„Job-Chancen verbessern statt Hartz-IV-Sätze zerreden“
„Wir sollten nicht die Regelsätze von Hartz IV zerreden. Wir sollten lieber die Job-Chancen für Hartz-IV-Empfänger verbessern!“, forderte der Vorsitzende der „Stiftung Christlich-Soziale Politik e.V.“, Karl Schiewerling, heute (26. März) bei einer Fachtagung zur Grundsicherung im münsterländischen Coesfeld. Der ehemalige sozialpolitische Sprecher von CDU und CSU im Bundestag kritisierte, dass die eigentliche Kernaufgabe der Grundsicherung inzwischen häufig aus den Augen verloren ginge – und dies eben nicht nur in der ganz aktuellen Diskussion.

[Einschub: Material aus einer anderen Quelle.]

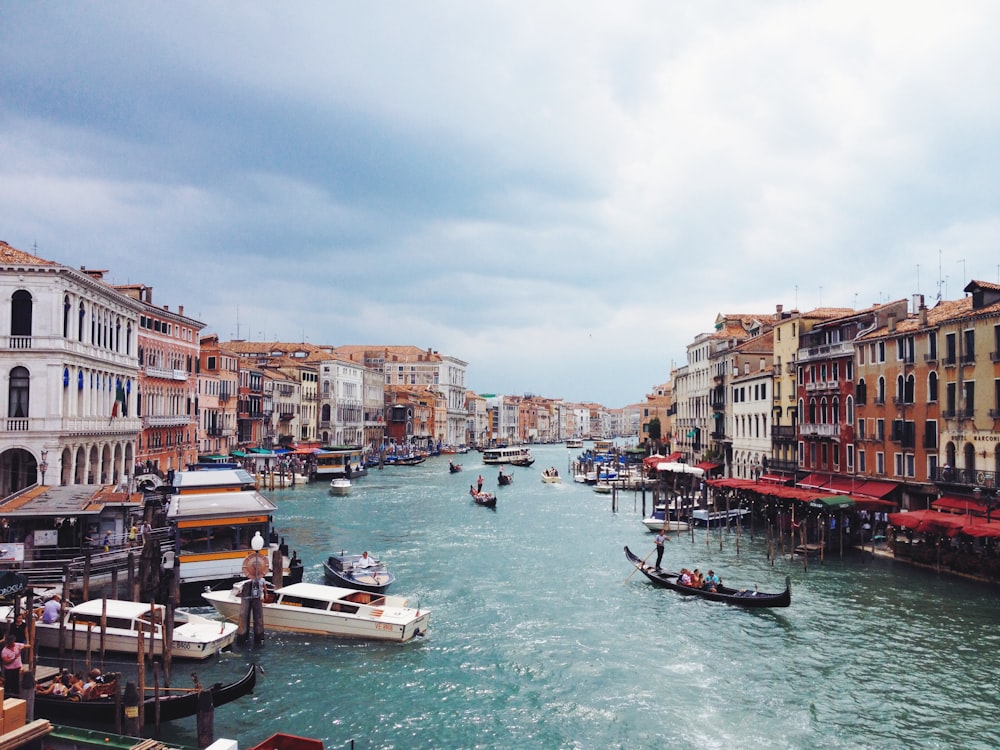 boats on body of water near buildings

„Wir müssen uns mehr anstrengen. Wir müssen uns mehr um eine zielgerichtete Förderung und entsprechende Anreize kümmern. Wir müssen uns wieder stärker auf das Prinzip von Fördern und Fordern zurückbesinnen – ohne dabei einen der beiden Begriffe gegen den anderen auszuspielen. Das gibt den Betroffenen jedenfalls 1000 Mal mehr Perspektive für ihr Leben, als jede noch so emotional geführte Redeschlacht darüber, womit sie denn mit ihren Regelsätzen auszukommen hätten oder nicht“, sagte der Stiftungs-Vorsitzende vor Vertretern einer Großzahl von sog. Optionskommunen aus NRW und Niedersachsen. Optionskommunen unterhalten eigene Jobcenter und organisieren die Grundsicherung eigenständig vor Ort in den Städten und Gemeinden.Schiewerling erinnerte daran, dass das entsprechende Sozialgesetzbuch II mit der Grundsicherung darauf ausgerichtet sei, Menschen in Beschäftigung zu bringen. Die 2004 beschlossene Zusammenlegung der staatlich finanzierten Sozialhilfe mit der staatlich finanzierten Arbeitslosenhilfe zur “Grundsicherung für Arbeitssuchende“ – so der offizielle Gesetzestitel – verfolgt dabei zwei Ziele: Auf der einen Seite soll es Sicherheit geben, dass niemand in absolute Armut fällt; auf der anderen Seite enthält es ein ganzes Bündel an Instrumenten der Arbeitsmarktpolitik, um Menschen wieder in Beschäftigung zu verhelfen. „Darauf muss der Fokus der Arbeit von Politik und Verwaltung gleichermaßen liegen, und nicht in der bloßen Verwaltung von Anträgen und Auszahlungen“, rief Schiewerling vor den Vertretern der Kommunen und der kommunalen Spitzenverbände in Erinnerung.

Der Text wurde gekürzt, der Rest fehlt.